───── PROVIDED ENTRIES

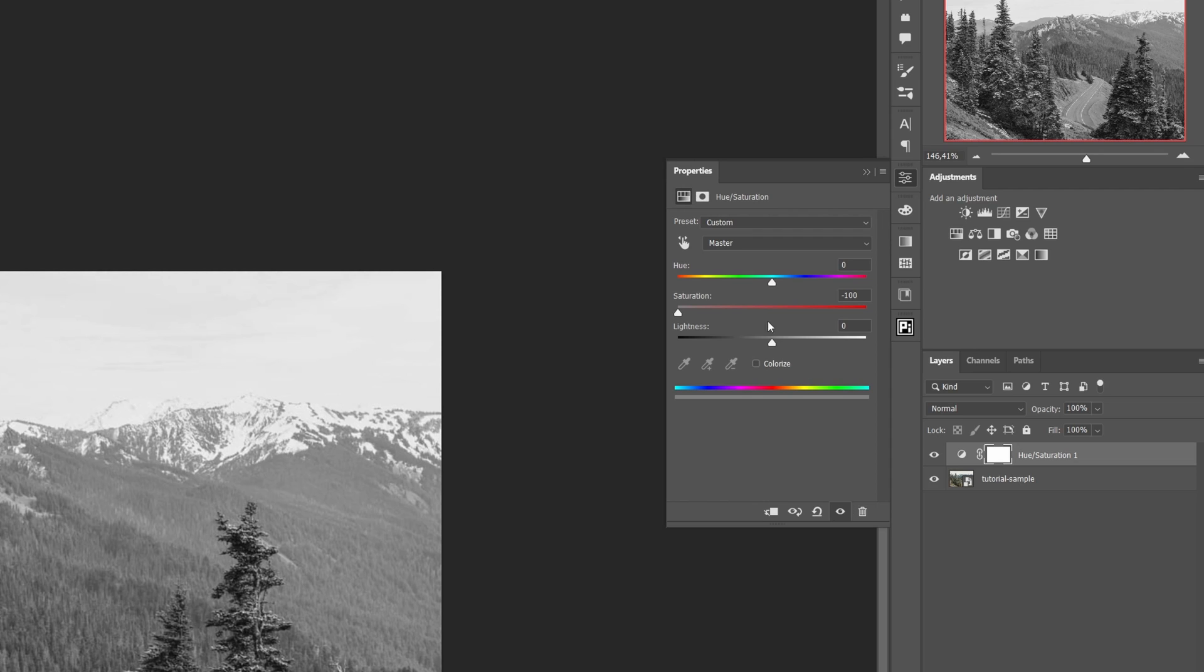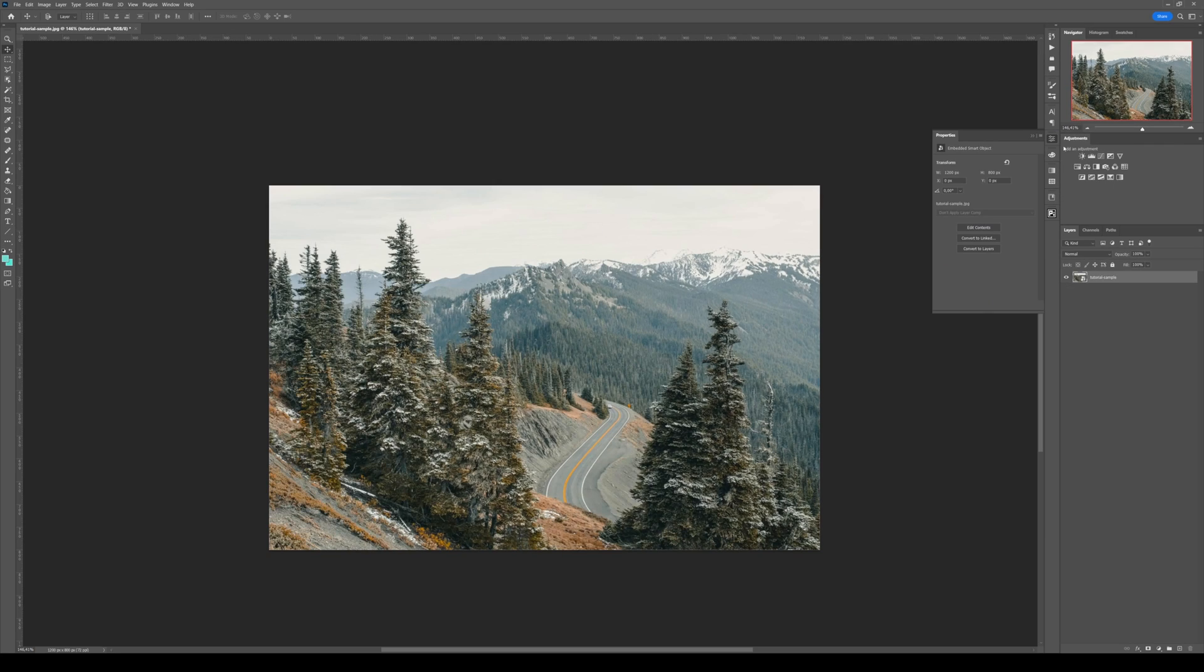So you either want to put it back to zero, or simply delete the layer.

──────────
───── PROVIDED ENTRIES

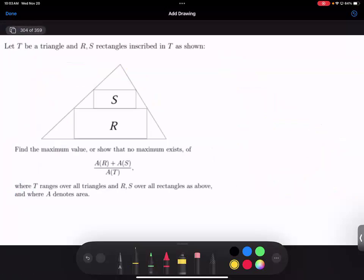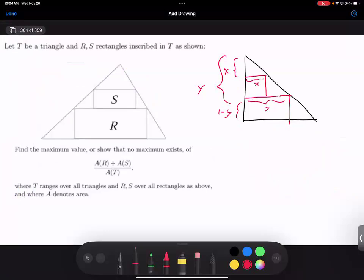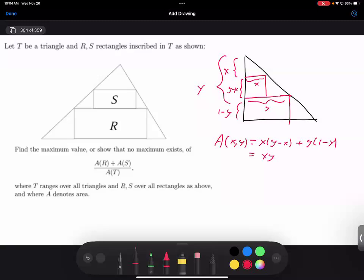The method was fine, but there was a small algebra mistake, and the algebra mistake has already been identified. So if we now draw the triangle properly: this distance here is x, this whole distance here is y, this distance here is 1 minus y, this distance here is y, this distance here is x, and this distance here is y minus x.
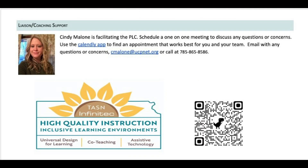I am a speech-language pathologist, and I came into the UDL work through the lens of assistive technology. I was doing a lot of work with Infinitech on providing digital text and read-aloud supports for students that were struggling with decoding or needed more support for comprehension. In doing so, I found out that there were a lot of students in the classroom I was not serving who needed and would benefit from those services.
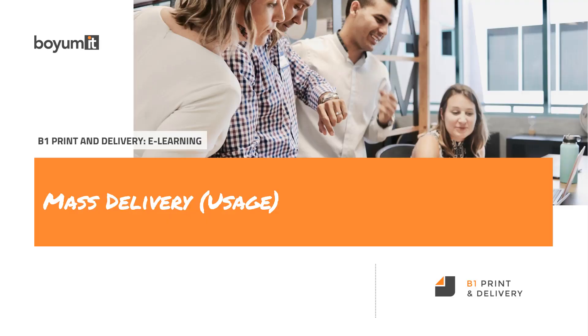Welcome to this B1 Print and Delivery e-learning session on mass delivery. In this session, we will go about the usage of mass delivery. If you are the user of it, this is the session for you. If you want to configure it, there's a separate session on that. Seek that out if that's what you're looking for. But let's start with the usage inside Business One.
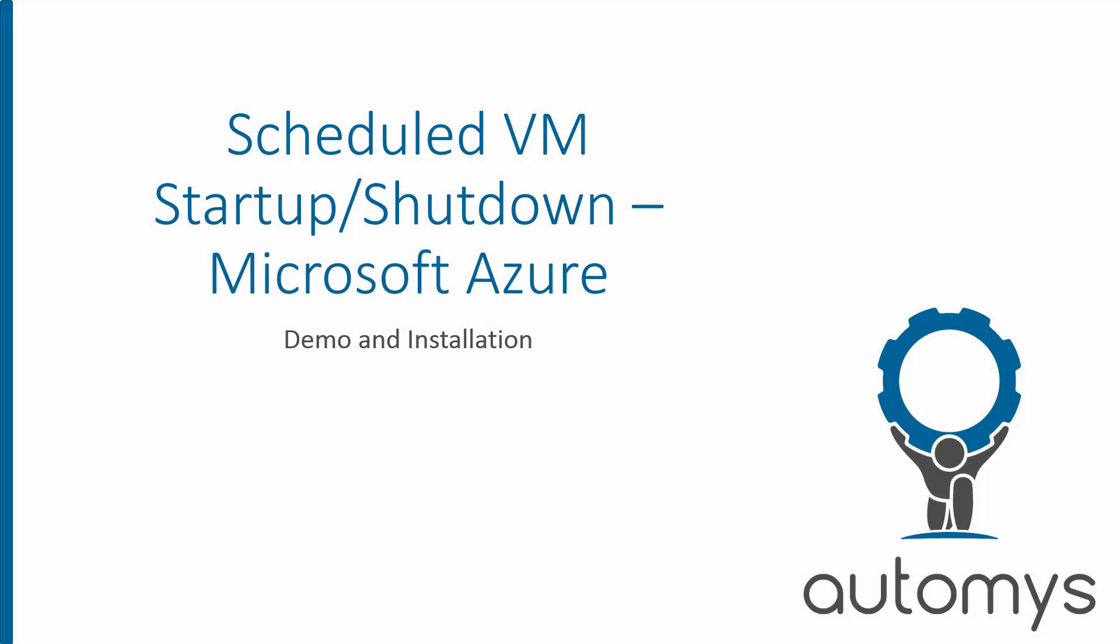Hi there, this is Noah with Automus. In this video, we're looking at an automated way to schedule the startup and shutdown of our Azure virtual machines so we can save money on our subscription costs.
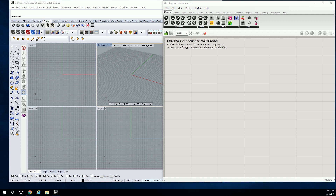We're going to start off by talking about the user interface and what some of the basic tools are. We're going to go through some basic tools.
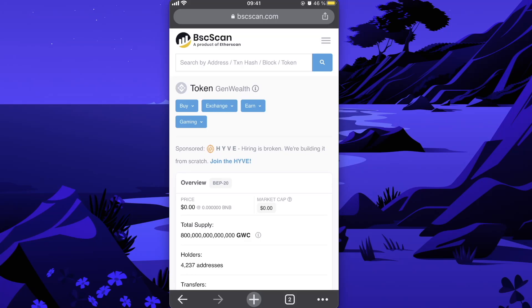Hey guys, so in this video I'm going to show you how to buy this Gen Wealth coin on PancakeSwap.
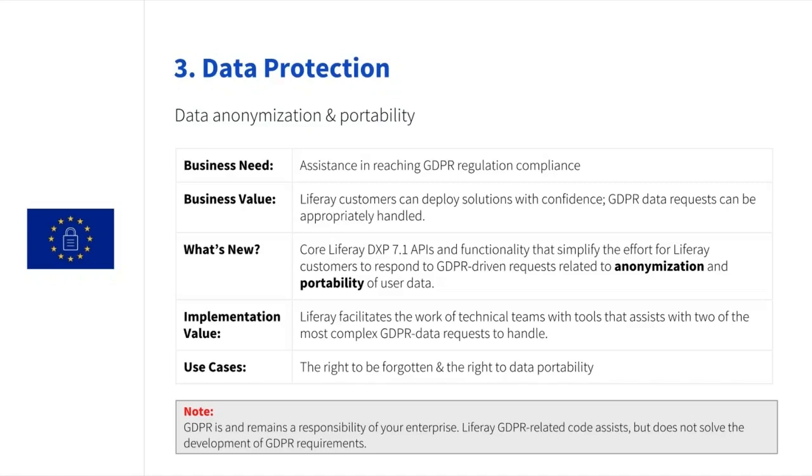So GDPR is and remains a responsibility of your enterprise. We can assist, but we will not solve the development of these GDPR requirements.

──────────
───── PROVIDED ENTRIES

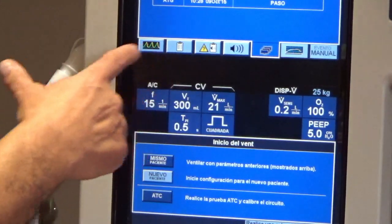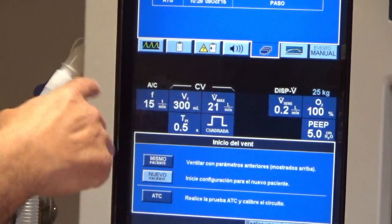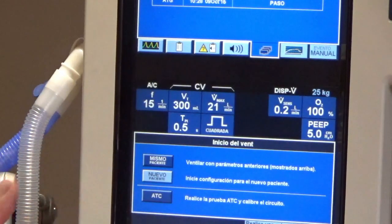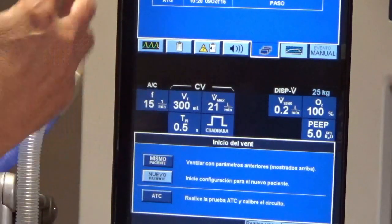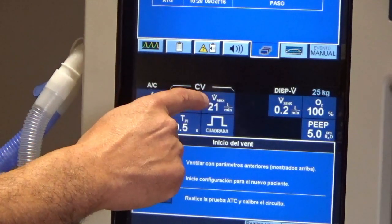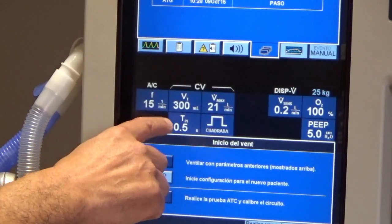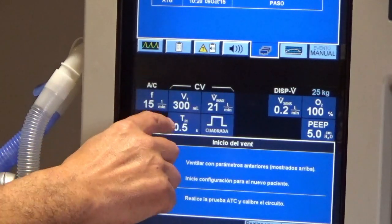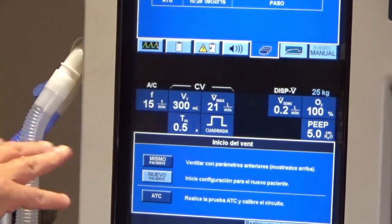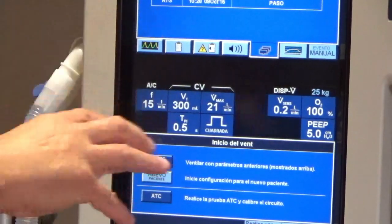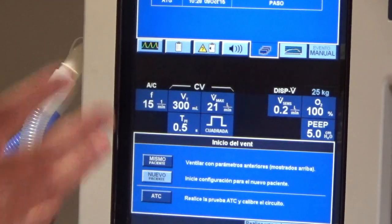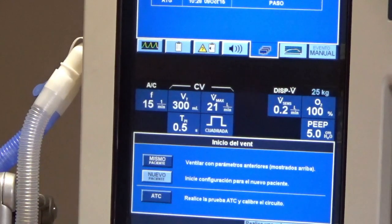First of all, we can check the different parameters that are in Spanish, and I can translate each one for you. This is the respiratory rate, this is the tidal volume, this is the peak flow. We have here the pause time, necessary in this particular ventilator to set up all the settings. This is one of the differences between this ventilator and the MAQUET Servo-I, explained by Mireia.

──────────

Reproduce the data above exactly, but only the lines from the one showing "Welcome to this" through the one showing "Hey guys, so", with both ends kept and the pictures left out.

Welcome to this B1 Print and Delivery e-learning session on mass delivery. In this session, we will go about the usage of mass delivery. If you are the user of it, this is the session for you. If you want to configure it, there's a separate session on that. Seek that out if that's what you're looking for. But let's start with the usage inside Business One.
Hi there, this is Noah with Automus. In this video, we're looking at an automated way to schedule the startup and shutdown of our Azure virtual machines so we can save money on our subscription costs.
We're going to start off by talking about the user interface and what some of the basic tools are. We're going to go through some basic tools.
Hey guys, so in this video I'm going to show you how to buy this Gen Wealth coin on PancakeSwap.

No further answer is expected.